Na lista dos que se colocaram contra a equidade entre os salários, figuram dez mulheres e 26 homens. Com base no levantamento realizado pelo Instituto de Estudos da Religião (ISER), constatei que das 10 mulheres que votaram contrárias ao projeto, apenas Adriana Ventura (Novo-SP) não teve sua religião publicamente identificada. As demais são todas ligadas a partidos de direita com tendências cristãs fundamentalistas. As católicas são: Bia Kicis (PL-DF), Carol de Toni (PL-SC), Rosângela Moro (União-SP), Carla Zambelli (PL-SP), Any Ortiz (Cidadania-RS) e Chris Tonietto (PL-RJ). As evangélicas são Dani Cunha (União-RJ) e Silvia Waiãpi (PL-AP), enquanto Juliana Zanatta (PL-SC) se declara cristã, apenas.

Por essa caracterização, não dá para dissociar esse evidente ataque aos direitos das mulheres do fundamentalismo religioso que tem ocupado o Congresso Nacional. Sobretudo o uso de figuras femininas para ratificar uma lógica patriarcal que endossa o lugar da mulher desejável e com legitimidade moral submissa às figuras masculinas e na contramão dos direitos das mulheres.

Isso deve nos acender um alerta, pois nesta narrativa fundamentalista os direitos das mulheres só devem ser defendidos se estiverem vinculados à família. Com o discurso familista, esses parlamentares estão usando a religião e a família como justificativa para atacar os direitos das mulheres. E mesmo quando utilizam a Bíblia para defender tais absurdos, distorcem seu conteúdo para defenderem o que querem.

Nesse projeto, mesmo o mais fundamentalista dos deputados poderia votar favorável, embasado em uma leitura literal de Números 27. Contudo, escolhem imiscuir os direitos das mulheres com um suposto direito da família – e os direitos da família estariam em primeiro lugar.

Temos que considerar que existem milhares de mulheres que preferem estar em um lugar de submissão, se essa for a condição para que sua família esteja segura.

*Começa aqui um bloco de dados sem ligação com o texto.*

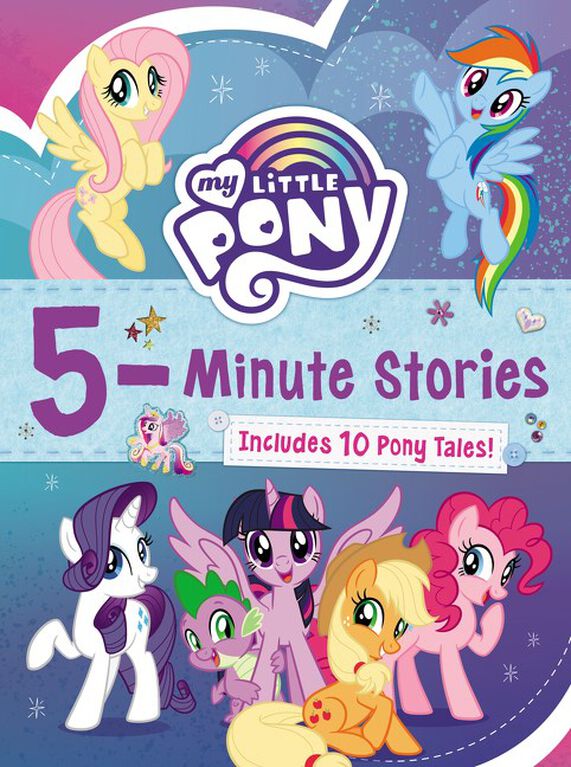 My Little Pony: 5-Minute Stories - English Edition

Porque não podemos desconsiderar que há medo, insegurança e muita mentira rodando por igrejas afora. E a multidão de fiéis que veem na religião um porto de segurança e humanização não questionou os votos contrários desses parlamentares, porque enxergam neles pessoas que protegem a religião, a família e a moral. É nesse mundo de mentiras, pânico e extremismos morais que temos que disputar corações e mentes da população brasileira, sobretudo das mulheres.

Desta vez, a razão venceu, e o PL que favorece as mulheres foi aprovado por ampla maioria, mas a próxima proposta passará? Não devemos subestimar um grupo que tem segurança de votar de forma absurda contra esse PL, sem medo de perder base e/ou poder político. Porque eles sabem que manipular a religião no discurso político traz muito poder, principalmente o poder do convencimento das bases. Sigamos na luta, e, desta vez, cumpra-se a lei de Deus e dos Homens.